Highly Effective Work Habits: Communication
This is a common problem for most companies. A majority of issues stem from lack of communication. In most of the places I have worked, this has always been an issue (with all teams big and small across all departments).
This is a complicated topic with lots of ways to communicate properly and improperly. So, I’ll do my best to lay down some ground rules.
Try to avoid over-doing it with email communication. It is certainly a good way to get lots of information out to lots of people quickly. However, if you are just talking back and forth, it is better to speak with the individual(s) in person or over the phone. In those cases, talking is quicker than typing. And, it is so easy to misinterpret someone over email, especially with tone. I can’t count the number of times I’ve experienced someone getting upset or jumping to the wrong conclusion because they read the email a different way from how it was written. And, I admit, I’ve done this myself.
Watch how you speak to people. Don’t talk down to them or constantly lecture. I worked with someone in management once who always lectured and didn’t seem to care what anyone had to say. He just rambled on and on and eventually people learned to tune him out and stop taking what he had to say seriously.
Don’t be confrontational or defensive all the time. No one is perfect. The people with big egos who are always arguing, disagreeing, and putting up roadblocks are the ones who end up alienating themselves from the team. No one likes a whiner. If you don’t agree with something, be an adult and professionally state your reasons/alternatives in a calm manner and, in the end, if your suggestions are overruled, don’t hold a grudge or complain.
If you are an executive or manager responsible for decision making on a project, make sure you are at every important meeting and communicate your issues, input, preferences, and concerns. I’ve been on projects before that were on a good pace until the executive swooped in and made major changes because he/she wasn’t coming to the meetings and voicing input. This is not fair to the project or the other individuals working on it.
Most of the time, you’ll want to over-communicate. If you have something important to say, make sure the right people are hearing you. Communicate your status often, especially if you are working on several things at different paces. This also helps if you are a dependency for someone else’s work so that they can adjust their priorities accordingly.

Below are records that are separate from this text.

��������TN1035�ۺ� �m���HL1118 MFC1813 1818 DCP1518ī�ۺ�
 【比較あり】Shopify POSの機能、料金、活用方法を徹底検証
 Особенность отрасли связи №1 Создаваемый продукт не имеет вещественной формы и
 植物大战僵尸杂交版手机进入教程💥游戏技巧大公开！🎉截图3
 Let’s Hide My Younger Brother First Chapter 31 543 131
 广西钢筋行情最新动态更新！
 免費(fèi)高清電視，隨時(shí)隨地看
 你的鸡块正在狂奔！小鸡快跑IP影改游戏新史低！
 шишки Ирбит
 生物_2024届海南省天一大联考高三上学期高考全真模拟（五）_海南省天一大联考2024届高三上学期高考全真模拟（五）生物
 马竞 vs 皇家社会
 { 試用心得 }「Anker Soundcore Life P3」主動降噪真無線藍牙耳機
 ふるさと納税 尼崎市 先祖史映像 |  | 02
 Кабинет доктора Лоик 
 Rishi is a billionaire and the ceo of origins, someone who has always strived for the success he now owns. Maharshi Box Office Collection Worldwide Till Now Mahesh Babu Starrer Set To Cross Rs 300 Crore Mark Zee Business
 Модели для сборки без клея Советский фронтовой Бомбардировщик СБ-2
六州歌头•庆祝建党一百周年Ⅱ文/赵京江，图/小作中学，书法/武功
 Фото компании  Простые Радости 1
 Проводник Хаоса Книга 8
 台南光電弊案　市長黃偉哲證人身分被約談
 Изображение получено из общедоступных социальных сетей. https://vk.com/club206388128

If you need someone’s expertise on the team for something coming up soon (i.e. project input, configuration, deployments, decisions), make sure you give them plenty of heads up. No one likes to be surprised at the last minute when everyone has lots of things on their plates. This will help them to plan so they can accommodate you. Otherwise, you’ll be out of luck and you can’t blame them.
There are lots more we can discuss in this area, but this is a post not a novel I’m sure I’ll come back to this here and there in future topics. Until then, keep this in mind:
“Any problem, big or small, within a family, always seems to start with bad communication. Someone isn’t listening.”